On-site tests were essentially open-loop tests, sometimes including mechanical torque measurements using strain gauges. Setting up such instrumentation was time-consuming and thus expensive, as the tested unit must be out of service, engendering considerable revenue losses: most of Hydro-Quebec’s hydro generators are large units (more than 100 MW).
Hydro-Quebec Production was looking for a cheaper way of measuring mechanical torque and a better way of performing on-site tests that would result in useful information for modeling and frequency stability insurance. When Langevin proposed the BERTA solution, Hydro-Quebec Production engineers did not hesitate long before recommending it to their management.
Dynamic model identification and validation
Despite disposing of data resulting from open-loop tests characterizing the turbine power in steady state and the gate servomotor response to a command input, and computed parameters such as the water starting time, engineers don’t always succeed in reproducing the behavior of the prime mover system through off-line simulation. Closed-loop tests, in particular, often reveal non-linear behaviors that were not anticipated through off-line simulations based on non-validated models. Engineers then need to investigate why their model doesn’t fit reality. Nevertheless, these kinds of on-site tests allow taking note that simulations done with governor and prime mover models do not always provide results conforming to reality.
In a series of closed-loop tests performed at Hydro-Quebec’s 780-MW Eastmain 1A hydro plant, the results with the current gain values showed good stability and no reason to worry about the plant’s contribution to grid stability. However, in an attempt to reduce the frequency deviation resulting from a sudden load disturbance, the speed controller proportional gain was increased from 1.5 to 2. The actual results were far from expected.
Figure 1 on page 30 shows the frequency deviation resulting from a sudden 5% load shedding in an islanded grid, the tested unit alone supplying a load corresponding to 80% of its rated MVA. Figure 2 on page 30 shows the mechanical power. Electric power, which corresponds to the load, starts at 81% and suddenly drops to 76%. Of course, this represents a dramatic case. But it clearly means that we can no more rely on classical turbine and speed governor models for correctly simulating the dynamics of a hydroelectric plant in an important load/generation rejection case.
Improving frequency stability
Frequency stability problems are becoming a major concern. Even in well-developed countries, an increase of frequency stability problems is observed, as was recently reported in a study requested by the U.S. Department of Energy: “Over the past decade, the North American Electric Reliability Corporation (NERC) has observed an increase in frequency stability problems. For example, frequency response in the Eastern Interconnection has deteriorated significantly over this period, so that progressively smaller power disturbances are able to induce significant frequency deviations…”3
Several causes have been suggested, and these are among those the study identifies:
— Decrease of total moment of inertia due to the addition of smaller rotating units, slow rotating generators (wind farms) and non-rotating power sources.

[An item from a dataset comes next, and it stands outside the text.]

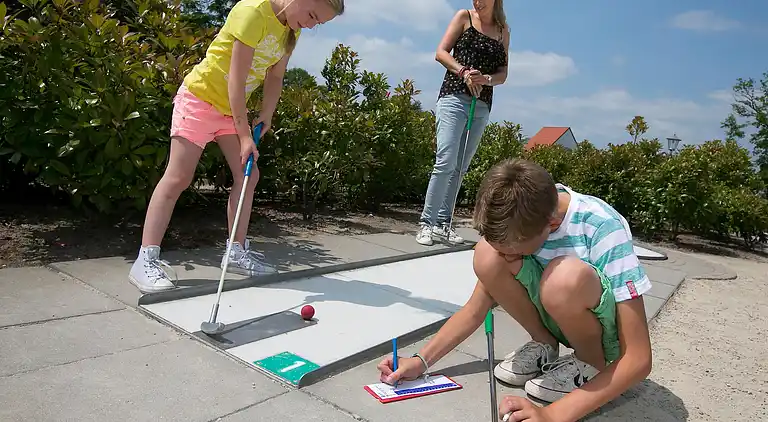 Villa in Ferienpark Gut Langen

— Modification of load types. The power system is less naturally damped because of the nature of new loads that don’t behave in the good direction as the frequency deviates. “As the load in North America changes … it includes more electronics and variable-speed drives that do not demonstrate the same beneficial frequency-power relationship as inductive motors.”3
— Bad generation control practices. Many producers prefer to operate at best efficiency versus “what is optimal for the overall power system.”

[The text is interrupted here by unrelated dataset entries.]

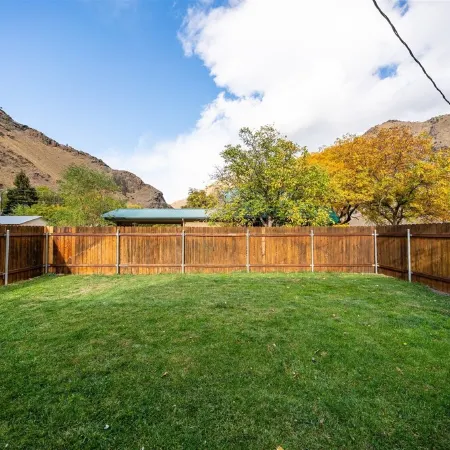 5 bedroom, 3 bath house on Main St. across the street from The Riggins City Park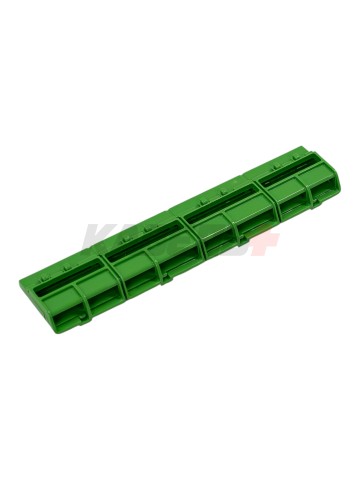 Шинный держатель FRAME 162мм (4 сегмента, до 20 полюсов), зеленый (для всех щитков) DKC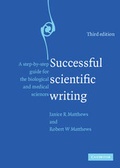 Cover: Successful Scientific Writing - Cambridge University Press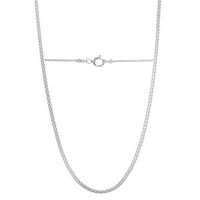 Talijanski lančana ogrlica od srebrnih coreana, 20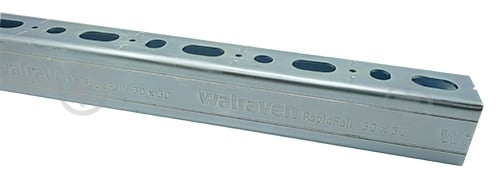 Профіль монтажний Walraven Walraven RapidRail® 30х30 2м (650530302) - фото 2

Because of their inherent characteristics, hydroelectric plants with upstream reservoirs are generally considered best-suited for primary frequency control. They can easily tolerate deviations of their operating points. So what criteria should guide the power engineer when setting (or recommending settings for) the speed/power control of a hydraulic unit?

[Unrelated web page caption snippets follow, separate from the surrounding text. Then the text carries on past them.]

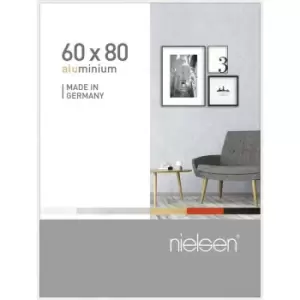 Image of Pixel 60 x 80cm Picture frame Glossy White - 0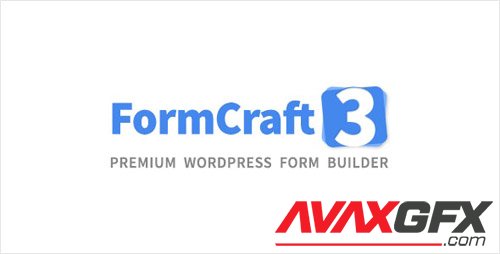 CodeCanyon - FormCraft v3.8.11 - Premium WordPress Form Builder - 5335056 - NULLED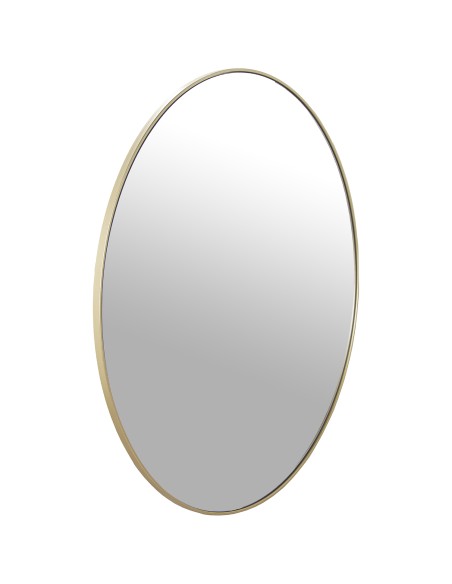 Espejo de metal Dorado 100cm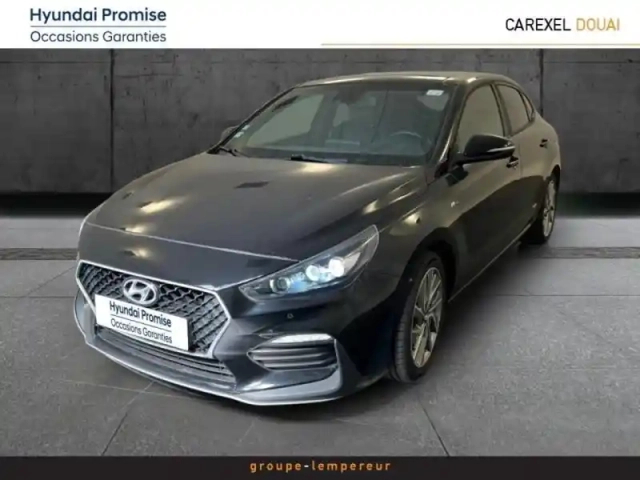 Hyundai I30 fastback 1.0 t-gdi 120ch n line euro6d-t evap — photo 3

The first criteria should be to ensure its operating stability in an islanded power system, regardless of its actual operating mode. Due to the dynamics of pressure in a penstock, the so-called water hammer effect that transiently drives the mechanical torque in the opposite direction of water flow, stable isochronous operation of hydro generators is often more challenging than expected.
The second criteria should be to avoid contributing to natural electric power oscillations. This typically occurs when the control gains, mainly the derivative gain, are too high or when the speed and/or electric power signals driving the speed governor control are not properly filtered. The small oscillations of these two signals in the frequency range between 0.4 Hz and 3 Hz, characterizing synchronous operation in a multi-generator system, can reverberate on the displacement of the turbine gates and generate destabilizing mechanical power oscillations.
Meeting those two criteria might look easy as power engineers often rely on off-line simulation and usual open-loop tests for recommending speed controller settings. But, as revealed by closed-loop testing, an apparently stable system may actually be dramatically unstable. Closed-loop testing, simulating the tested unit behavior in islanded operating mode, is rendered easy thanks to hardware in the loop (HIL) technology.
Using HIL provides more data, helps validate stability
When using a pre-programmed signal to drive a controller, we realize an open-loop test. Whatever the characteristics of the controller and controlled system, the response is forced by the pre-programmed input signal. In the case of an electric power system, this response will also be determined by the behavior of the other synchronized units. Extracting the individual characteristic behavior of the tested unit from this type of test is not easy.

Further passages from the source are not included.